● **Provided material**:
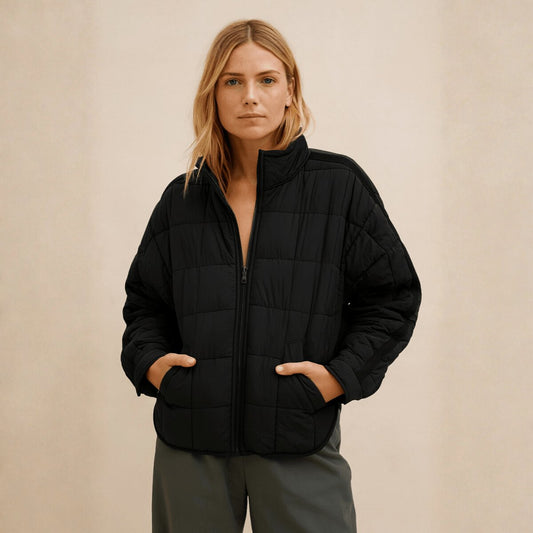 Hannah Lightweight Packable Puffer Jacket in Black - worn by a model, front view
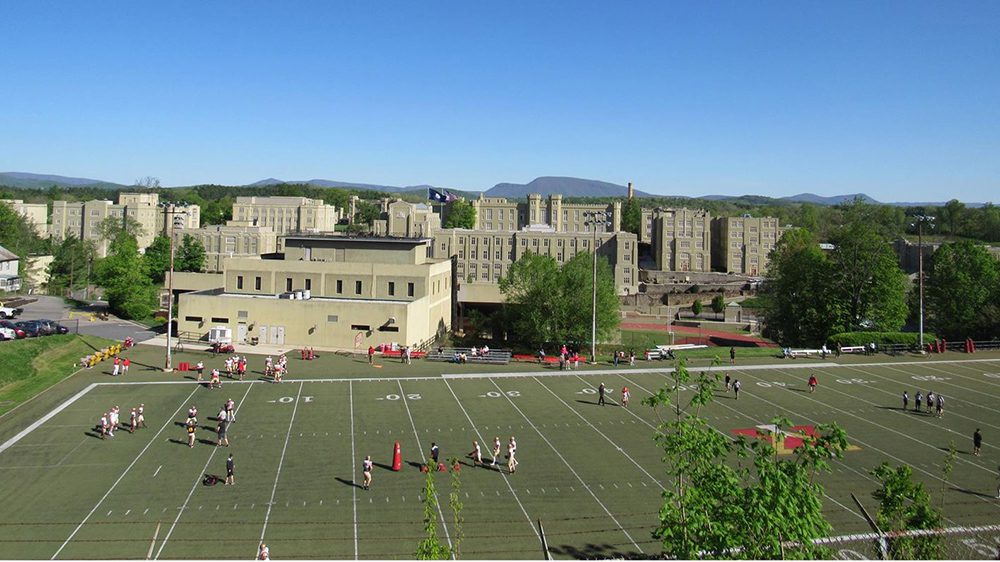 Football players gathering on Alumni Memorial Field.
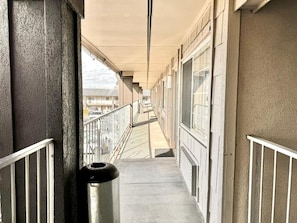 A corridor with a trash bin, metal railings, and a view of the street.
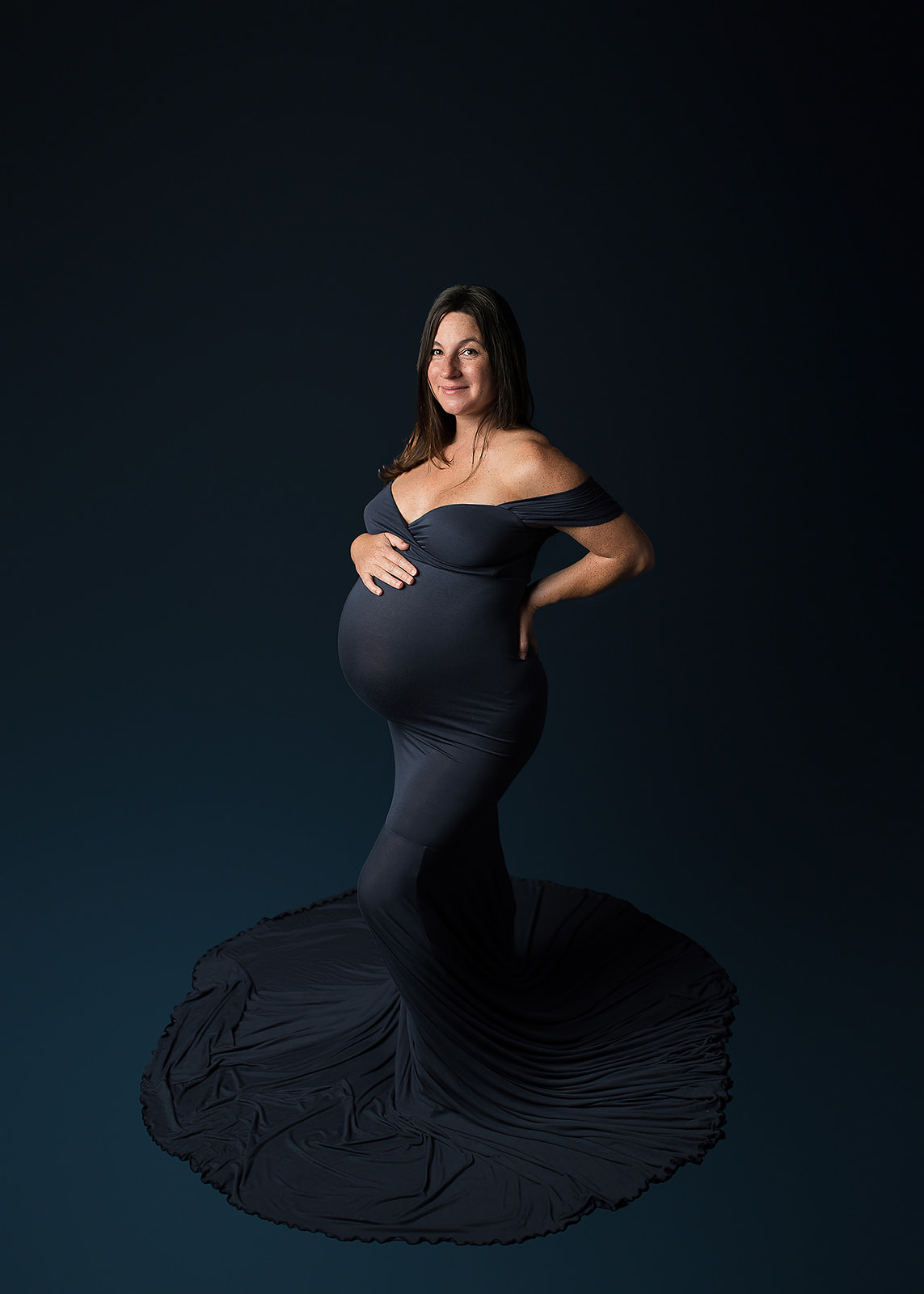 mom to be in navy maternity gown holding her bump Spas in Southern Oregon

● **Problem**:
Copy every line above exactly; images stay out.

● **Response to this task**:
 Hannah Lightweight Packable Puffer Jacket in Black - worn by a model, front view
 Football players gathering on Alumni Memorial Field.
 A corridor with a trash bin, metal railings, and a view of the street.
 mom to be in navy maternity gown holding her bump Spas in Southern Oregon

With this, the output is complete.